2-To Honor and Serve. Hall of Famer Bill Mott hasn't started nearly as many horses in the Kentucky Derby as Todd Pletcher has (only six), but his winless streak has lasted a lot longer, since his first starter in the Run for the Roses came in 1984 with Taylor's Special. Make no mistake about it: Mott would love to be standing in the infield winner's circle at Churchill Downs on Derby Day. He thought he had a horse good enough last year in Drosselmeyer, but the colt didn't have the earnings to qualify for the starting field. To Honor and Serve already has $210,000 in graded stakes earnings, by virtue of victories in the Nashua and Remsen Stakes at Aqueduct last fall. The Bernardini colt just has the look of a classic prospect, and Mott is a master horseman.
3-Dialed In. What's not to like about the way this Mineshaft colt rallied in the stretch to win Sunday's Holy Bull Stakes for Nick Zito in just his second career start and coming off a 10-week layoff? Zito is coming off a frustrating year – so many seconds in big races – and is due for some luck in 2011.
4-Jaycito. Son of Victory Gallop pulled a right-hand turn in the Breeders' Cup Juvenile and continued to show some bad habits after being transferred from the barn of Mike Mitchell to Bob Baffert. But he has shown ability and looks like the kind of colt that can get the Derby distance of a mile and a quarter.
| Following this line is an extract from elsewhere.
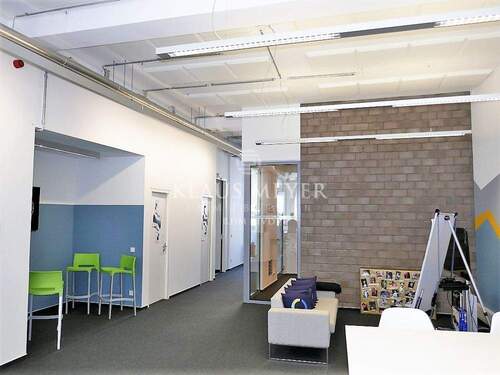 im Büro, 637m² - Büro mit 631,00 m&sup2; in Hamburg zur Miete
5-Boys At Tosconova. Am not convinced the son of Officer can get the classic distance, but he is a hard-trying colt and never quit when Uncle Mo pulled away in the stretch of the Breeders' Cup Juvenile.
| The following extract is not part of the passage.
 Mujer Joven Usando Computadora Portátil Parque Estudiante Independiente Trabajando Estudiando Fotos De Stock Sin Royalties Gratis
6-Comma To the Top. Well, the least you can say about this gelding by the Indian Charlie stallion Bwana Charlie is he does have seasoning. We don't see many Derby contenders these days who had 10 starts during their 2-year-old season. You have to go back to Sunny's Halo in 1983 to find a Kentucky Derby winner who had double digit starts at two (he had 11). Welcome to the big show, Peter Miller.
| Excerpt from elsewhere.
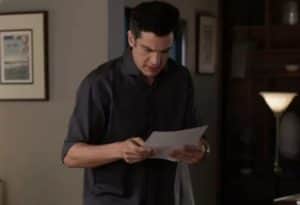 Guilherme (Mateus Solano) ficará em choque ao receber processo de interdição na novela 'Quanto Mais Vida, Melhor!' (Foto: Reprodução / Globo) Guilherme (Mateus Solano) ficará em choque ao receber processo de interdição na novela 'Quanto Mais Vida, Melhor!' (Foto: Reprodução / Globo)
7-Tapizar. Can't read too much into his Sham Stakes win at Santa Anita. It was on a track favoring speed to the nth degree. But this son of Tapit trained by Steve Asmussen took a Churchill Downs maiden race by 10 1/2 lengths before that and can't be discounted.
8-Santiva. I guess the big question is who will be training this horse come Derby time. McPeek to Pletcher to Kenneally isn't a double play combination. It's the trio of trainers that owner Tom Walters has gone through in the Giant's Causeway colt's four starts last year at two. Eddie Kenneally was the only one to win with him, taking the Kentucky Jockey Club Stakes to break his maiden, so maybe he's safe …. for now.
9-Brethren. WinStar Farm's half brother to 2010 Kentucky Derby winner Super Saver by Distorted Humor has been handled conservatively by Pletcher, winning a maiden and allowance race at two. He'll need to rev up soon and get some graded stakes earnings if he has hopes of getting into the Derby field.
10-Machen. Another Distorted Humor colt unbeaten in two starts and awaiting his stakes debut. Very impressive allowance victory at Fair Grounds for trainer Neil Howard on Sunday, but he hasn't beat much yet.